═════ Exercise data
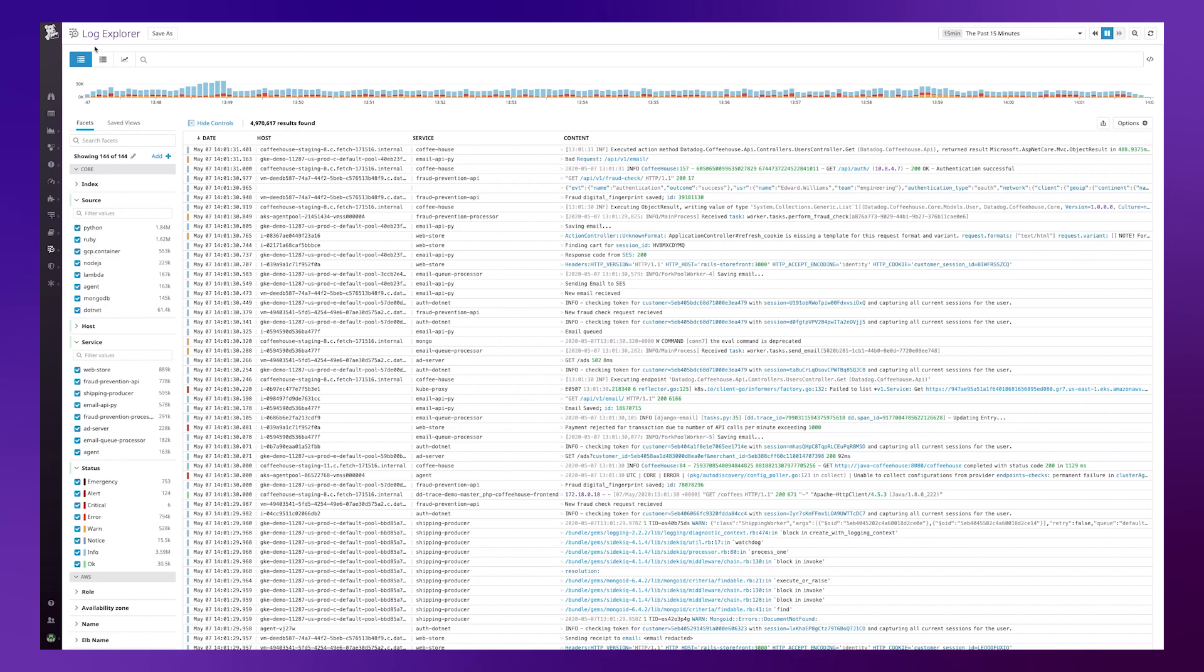First of all I want to identify the highest volume log patterns as follows within the UI. I go to the log explorer and I click on patterns.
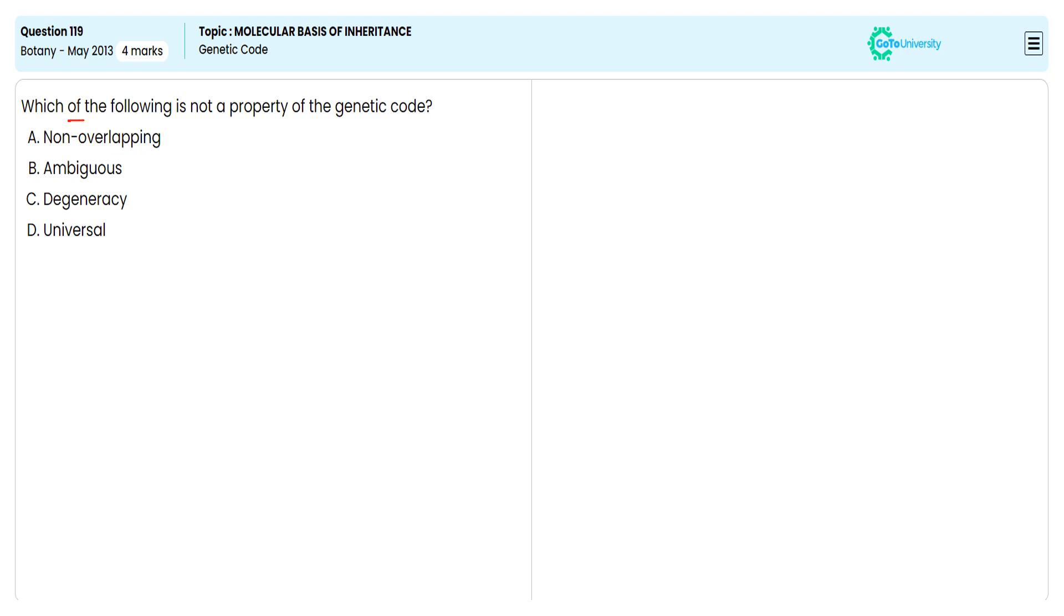In this multiple choice question, they are directing us to choose the correct option which is not indicating the property of the genetic code. For this, let me understand each one of the given options. Genetic code is clear because there are only 20 amino acids and 64 triplet codons.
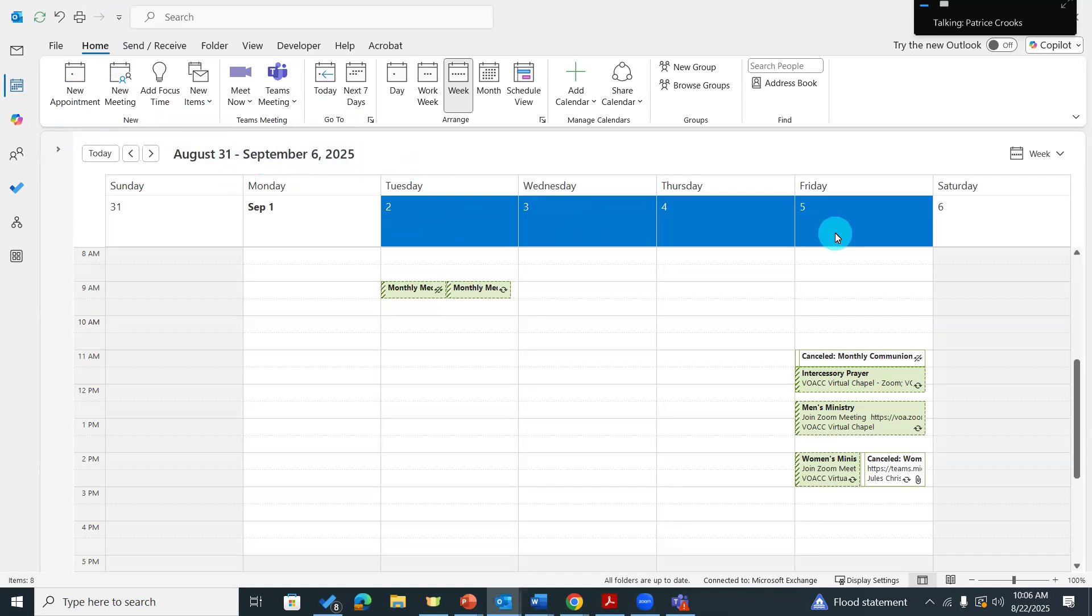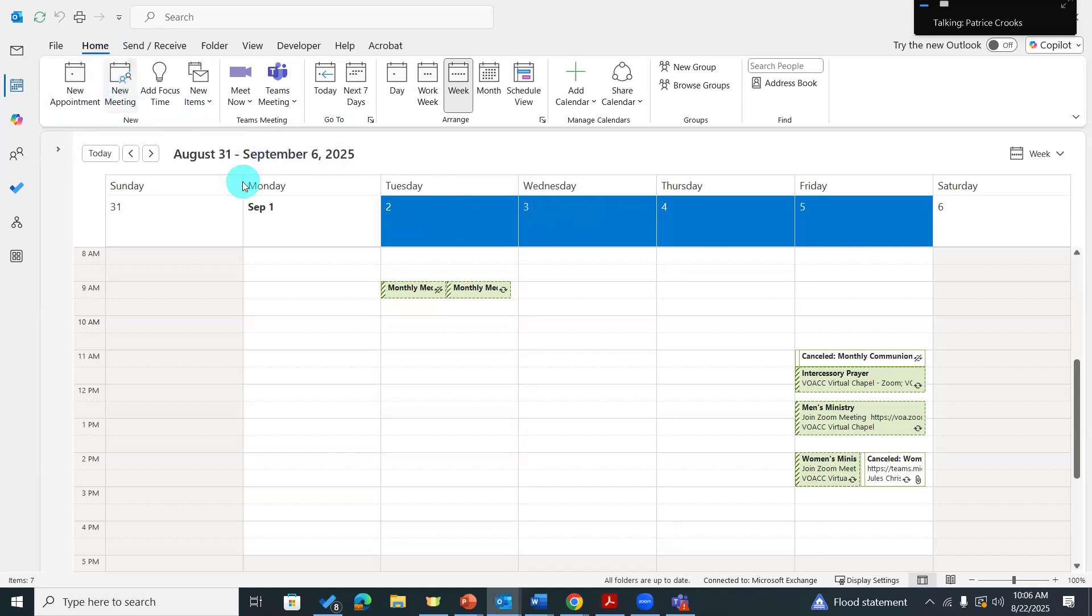So above the 8 a.m. time slot, right below where it has the words, I'm just going to select that time block. I'm going to click on new meeting.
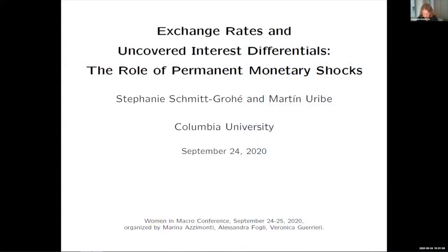This is a macro paper, but very different from what we have seen so far. This is about monetary policy and it's a question about what happens to exchange rates and uncovered interest rate differentials when there's a monetary policy shock.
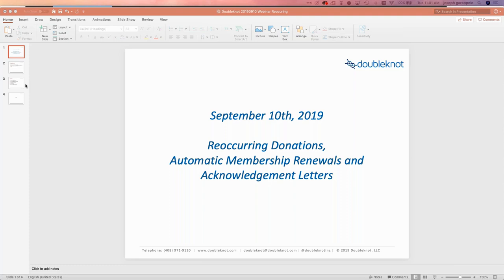Thanks everybody for attending today — morning for some of you, afternoon for others. I'm just going to do a pretty brief webinar here on some new functionality that was recently released. I talked about it a little bit in a prior webinar, and also threw in one other thing that we've had for a while but people have been tuning into recently.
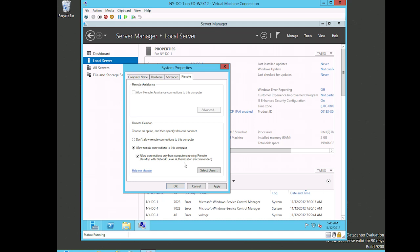This checkbox right here - 'allow connections only from computers running remote desktop with NLA' (network level authentication) - that's an added layer of security. You have to be running Vista or newer as far as the operating system goes in order to support that. We could select specific users that can remote desktop in, but I'm going to go ahead and leave it with the default, which is that the administrator can get in. I don't need any other users to be able to get in.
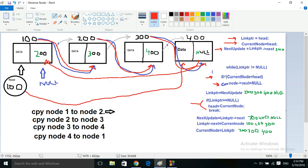Since we have the link information stored in our advancing pointer and the two pointers sitting at the first node, we can go ahead and make changes to the first node. This just becomes null, since we're reversing the linked list. If current node equals head, we change the member 'next' to null. That gets executed the first time and only once.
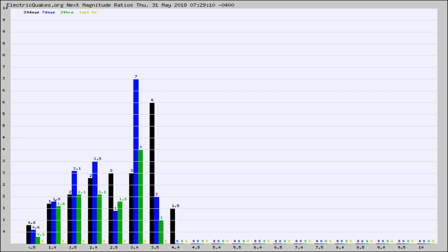Again, the black column is 30 days, blue is 7, green is 24 hours, and gold is in the last hour.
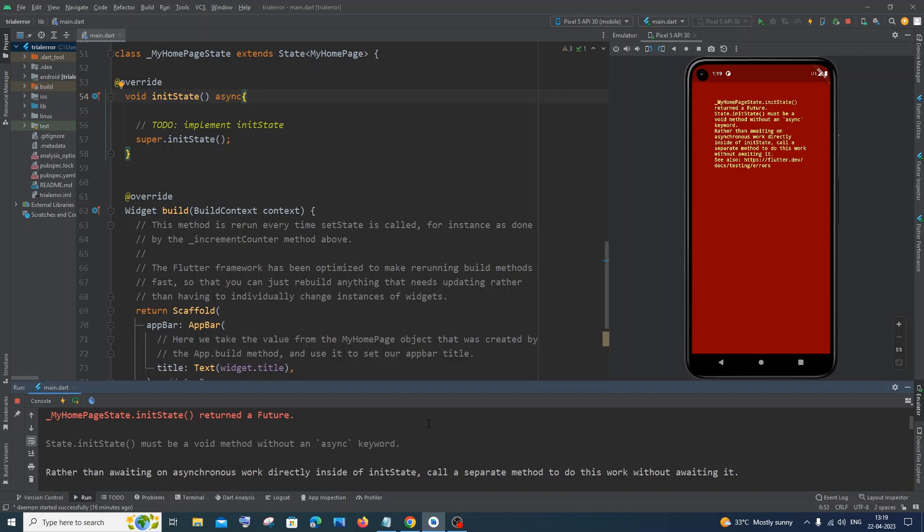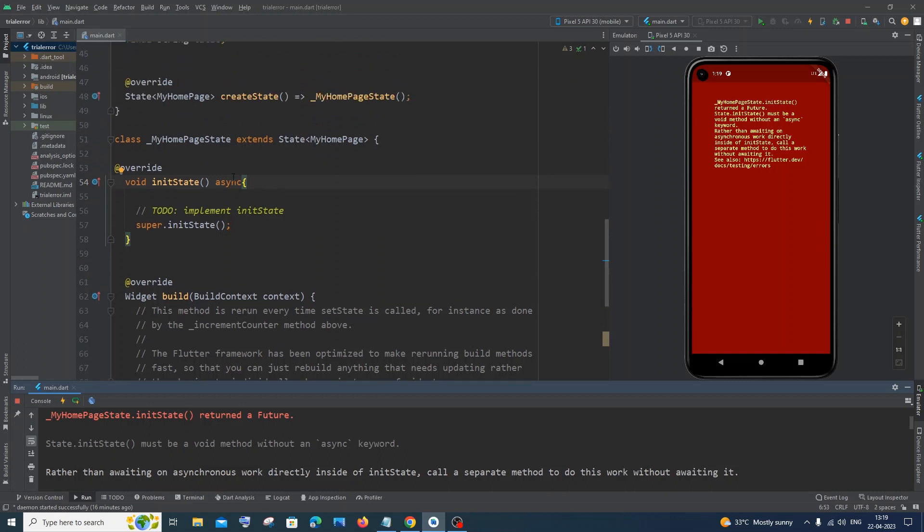Hi everyone, in this video I'll be showing you how to solve the error 'init state must be a void method without an async keyword' in Flutter. The main reason we're getting this error is because we've added the async keyword inside our init state, but the fact is we cannot use the async keyword with init state.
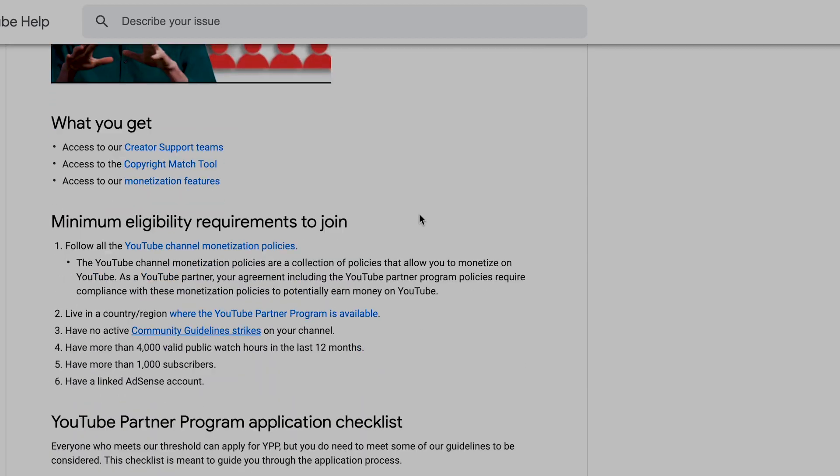Before we go into the YouTube monetization process, I'm going to be sharing with you the things that are required of you as a YouTuber in order to make money. I'm going to be breaking it all down for you, so don't worry, don't sweat it — we're going to be going through all of those things in this video.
══════════
Problem to work on :: Each line of the data above should be reproduced without alteration, and no picture should appear in the copy.

Response area ::
First of all I want to identify the highest volume log patterns as follows within the UI. I go to the log explorer and I click on patterns.
In this multiple choice question, they are directing us to choose the correct option which is not indicating the property of the genetic code. For this, let me understand each one of the given options. Genetic code is clear because there are only 20 amino acids and 64 triplet codons.
So above the 8 a.m. time slot, right below where it has the words, I'm just going to select that time block. I'm going to click on new meeting.
This is a macro paper, but very different from what we have seen so far. This is about monetary policy and it's a question about what happens to exchange rates and uncovered interest rate differentials when there's a monetary policy shock.
Thanks everybody for attending today — morning for some of you, afternoon for others. I'm just going to do a pretty brief webinar here on some new functionality that was recently released. I talked about it a little bit in a prior webinar, and also threw in one other thing that we've had for a while but people have been tuning into recently.
This checkbox right here - 'allow connections only from computers running remote desktop with NLA' (network level authentication) - that's an added layer of security. You have to be running Vista or newer as far as the operating system goes in order to support that. We could select specific users that can remote desktop in, but I'm going to go ahead and leave it with the default, which is that the administrator can get in. I don't need any other users to be able to get in.
Since we have the link information stored in our advancing pointer and the two pointers sitting at the first node, we can go ahead and make changes to the first node. This just becomes null, since we're reversing the linked list. If current node equals head, we change the member 'next' to null. That gets executed the first time and only once.
Again, the black column is 30 days, blue is 7, green is 24 hours, and gold is in the last hour.
Hi everyone, in this video I'll be showing you how to solve the error 'init state must be a void method without an async keyword' in Flutter. The main reason we're getting this error is because we've added the async keyword inside our init state, but the fact is we cannot use the async keyword with init state.
Before we go into the YouTube monetization process, I'm going to be sharing with you the things that are required of you as a YouTuber in order to make money. I'm going to be breaking it all down for you, so don't worry, don't sweat it — we're going to be going through all of those things in this video.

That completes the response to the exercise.